EUROPEAN RADIATION RESEARCH 2012

Radiation dose estimative using computational murine model from Gd-159 nanostructured radiopharmaceutical

16 Oct 2012, 16:25

1m

Poster Hall (Vietri sul Mare)

poster preferred Biological and Physical Dosimetry Poster Session 1

Speaker

Dr ADRIANO M. SANTOS (Nuclear Technology Development Center - National Commission on Nuclear Energy)

Description

Different therapeutic radiopharmaceuticals containing the P-32, Re-188, Sr-89, and Y-90 radioisotopes have been used effectively in alleviating bone pain resulting from metastases, synovectomy, and tumors. These radioisotopes all present the ability to emit high doses of beta radiation, leading to the death of tumor cells. Similarly, the Gd-159 isotope emits negative beta (1001 keV) and gamma radiation (main energy: 363.54 keV) suitable for therapeutic applications in nuclear medicine. Previous in vitro studies showed that Gd-159-DTPA-BMA complex presents a high in vitro cytotoxicity against tumor cells. However, when administered internally, this radioisotope does not accumulate in target tissues, being rapidly eliminated through renal excretion. Thus, seeking to solve these problems, different pharmaceutical formulations consisting of nanostructured carriers, such as liposomes, have been proposed to reduce the toxicity in non-target organs, especially in patients with chronic kidney diseases, while increasing the effective concentration and contact time in target tissues.

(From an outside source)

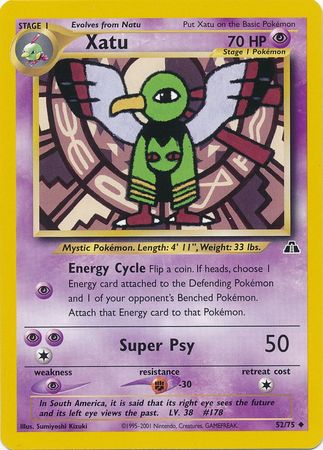 Xatu (52/75) [Neo Discovery]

In the present work, a computational tool was developed to simulate this effect, which occurs in experiments in vitro, helping to predict the possible results, saving time and resources, presenting a possible direction for studies of interest. The computer model was formed by a murine voxel phantom coupled to the Monte Carlo code MCNP5. The murine voxel phantom was constructed from 157 axial tomographic images using a PICKER SeleCT/SP CT scanner. The voxels dimensions were 0.71 x 0.71 x 1.5 mm3, equivalent to 118 columns, 76 lines and 157 slices. All murine phantom organs have homogeneous composition and homogeneous density. The elemental composition and mass density for the phantom organs and tissues were taken from the International Commission on Radiation Units and Measurements (ICRU) Report 46. The results obtained by the computational simulation, using biodistribution data in mice, showed to be in good agreement with the experimental data obtained in vitro and presented errors of less than 5%. This indicates that the computational tool can be used in future studies for more accurate analysis of biokinetic effects caused by radiopharmaceuticals in target organs and its vicinity.